Football féminin :

Mondial-2023 : les Bleues au-dessus de la mêlée, quasiment qualifiées


Publié / Actualisé
A Llanelli, terre de rugby, l'équipe de France féminine de football a fait un pas de géant vers l'Océanie et la Coupe du monde 2023, en dominant 2-1 vendredi son plus féroce rival en qualifications, le pays de Galles.
A Llanelli, terre de rugby, l'équipe de France féminine de football a fait un pas de géant vers l'Océanie et la Coupe du monde 2023, en dominant 2-1 vendredi son plus féroce rival en qualifications, le pays de Galles.

Au-dessus de la mêlée? Avec 21 points déjà récoltés, soit le maximum possible en 7 matches, l'équipe de France est quasiment certaine de conserver la première place qualificative du groupe I à l'issue des éliminatoires, début septembre.

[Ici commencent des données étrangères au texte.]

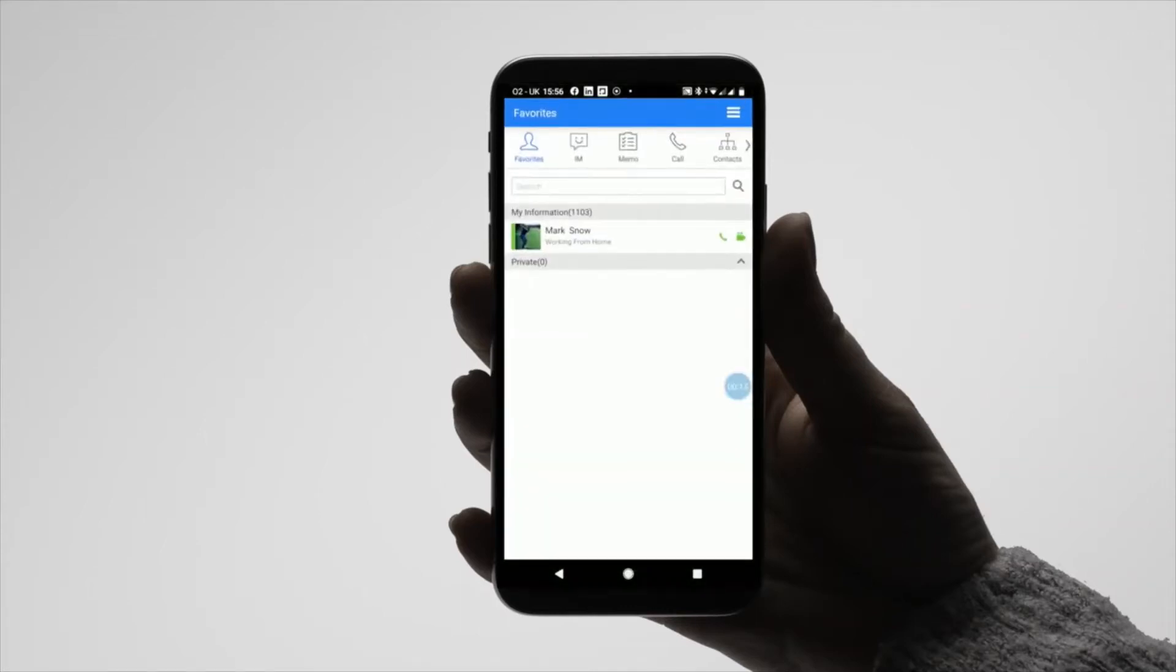When first entering your app, you will need to login with your credentials. If you have already logged into the app today, you will not need to re-log in. You can just open the application to take you straight through.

Elle pourra même transformer l'essai contre sa nouvelle dauphine, la Slovénie (battue 3-2 à l'aller), dès mardi au Mans, où même un match nul la qualifierait officiellement pour la prochaine Coupe du monde en juillet et août 2023 en Australie et en Nouvelle-Zélande.

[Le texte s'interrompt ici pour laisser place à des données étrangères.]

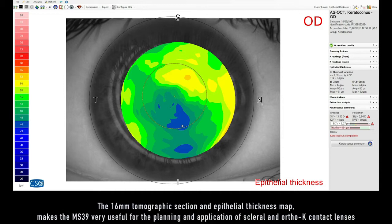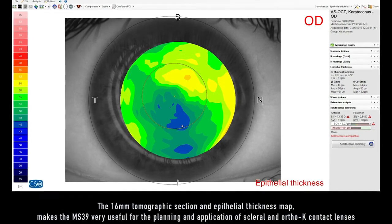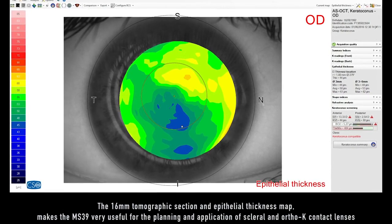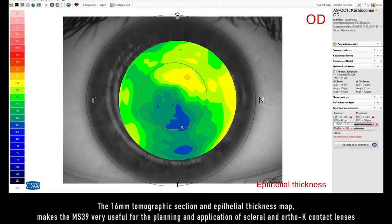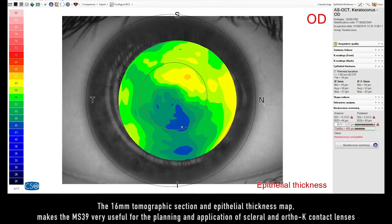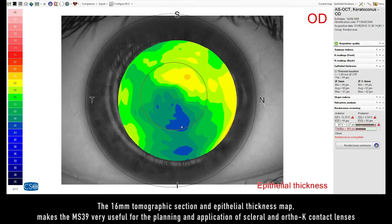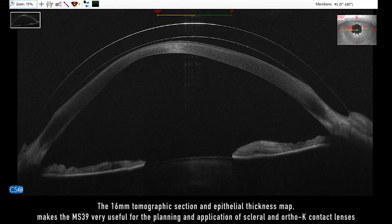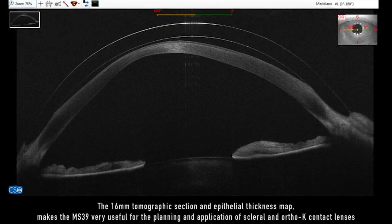The 16mm tomographic section and epithelial thickness map makes the MS-39 very useful for the planning and application of scleral and ortho-K contact lenses.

Dans le chaleureux et venteux Parc y Scarlets, temple rouge et blanc de l'ovalie britannique, les Bleues ont prolongé leur série de victoires à 11 matches, en même temps que renforcé leur confiance à trois mois de l'Euro.

Secouées à l'aller, malgré un score flatteur (2-0), les Bleues ont de nouveau tremblé vendredi face à l'équipe de Jess Fishlock. La libération est venue de leur capitaine Wendie Renard (31e) et de leur artificière en cheffe, Marie-Antoinette Katoto (57e).

Renard s'est offert un 33e but au soir de sa 130e sélection, le quatrième en quatre matches, démontrant une fois de plus qu'elle était une arme fatale sur coups de pied arrêtés. La Lyonnaise, étrangement démarquée dans la surface, a profité d'un service sur mesure de Sandie Toletti sur corner.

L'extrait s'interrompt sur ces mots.